Double-Whammy Look At The Pentium 4
SystemLogicNet writes: "We at SystemLogic.net have just taken a technical look at the Pentium 4 architecture. In the article we go over all the basics that all the other sites cover like the double pumped ALUs, iSSE2, the longer pipeline, etc, but in addition we have some discussion about how different program structurings have an impact upon the design, and performance of the Pentium 4. One of the major areas where this comes into play is how complex data structures interact with the underlying philosophy that the Pentium 4 is built upon -- extreme bandwidth. This Pentium 4 technical background can be read over here. At the same time, we've done a rigorous analysis, including benchmark description and discussion regarding the Pentium 4's performance, and this can be read over this way."

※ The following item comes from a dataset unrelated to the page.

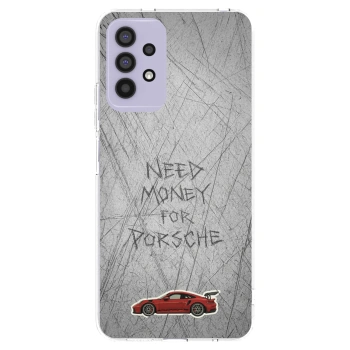 Picasee silikónový prehľadný obal pre Samsung Galaxy A32 4G SM-A325F - Garage Scratch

There is a good page about wh the Pentium 4 sucks. It's written by an assembly-level programmer, so he know quite a bit about processors.

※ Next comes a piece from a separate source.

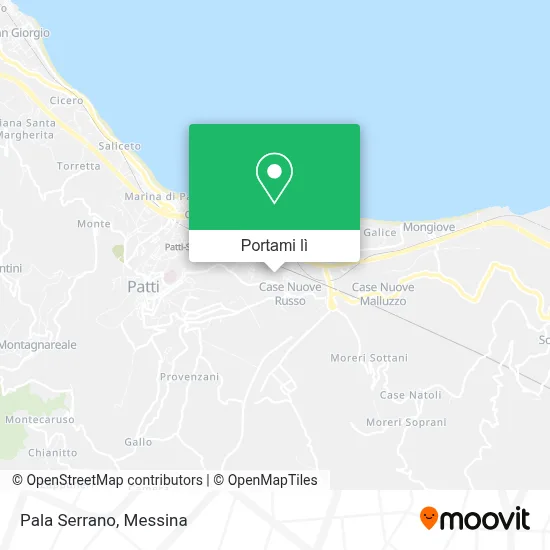 Mappa Pala Serrano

While the Artical makes some good points, it is obviously biased against Intel. Some of the statements are not accurate. The artical should be taken with a grain of salt.

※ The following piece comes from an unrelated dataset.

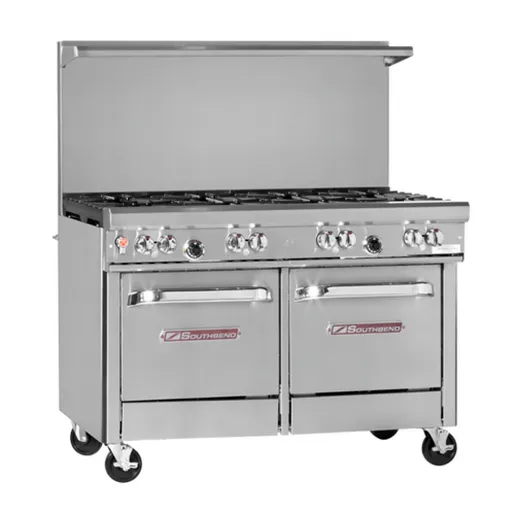 Southbend 4484DC-2TR Ultimate Range, Gas, 48", 2 Star/Saute in Front, 2 Non-Clog Burners in Rear, Standard Grates, 24" Thermostatic Griddle, Right, Standard Oven Base, Cabinet Base, 225,000 BTU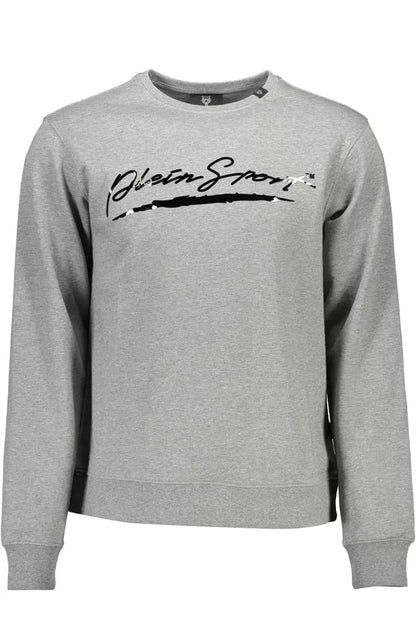  - Gray Cotton Men Sweater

Mod the parent down to -1.
I will second that! What an incredibly stupid analogy! In one case, you have something that results in an almost imperceptible slowdown while, in the "analogy", you have a computer completely failing to work one out of ten times.
I agree that the P4 is not the best CPU at this time. However, Intel has designed this new architecture looking out 10 years or so. Many of these choices are dictated by the laws of physics, and all other processors will be heading this direction over time.
The fundamental problem is that propagation speed of a signal on a chip is essentially fixed (that's why the minor improvement from a special trick like copper wiring was a big deal). As you speed up the transistors, the signal propagation delay becomes more of a bottleneck.
To avoid this, you have to break the logic steps into smaller pieces that live in a smaller portion of the chip. The standard way to do this in synchronous logic is to pipeline the work into more stages. The total signal propagation delay to do one instruction remains about the same, but at least you can pipeline alot of instructions to try to get more work done.
This processor is not very competetive today, but in 5 years there won't be any other way to make forward progress. By that time, Intel will have worked out the kinks (problems with branch prediction, memory interface snafus, etc.), and this core will probably be as wildly successful as the Pentium Pro/PII/PIII/Celeron core was.
BTW, remember how sucky the Pentium Pro was when it came out? It was a piece of crap on 16-bit code and it would generate huge pipeline bubbles for no good reason. Over time, they fixed these problems and made countless $billions in the process. Watch for a repeat with this new architecture.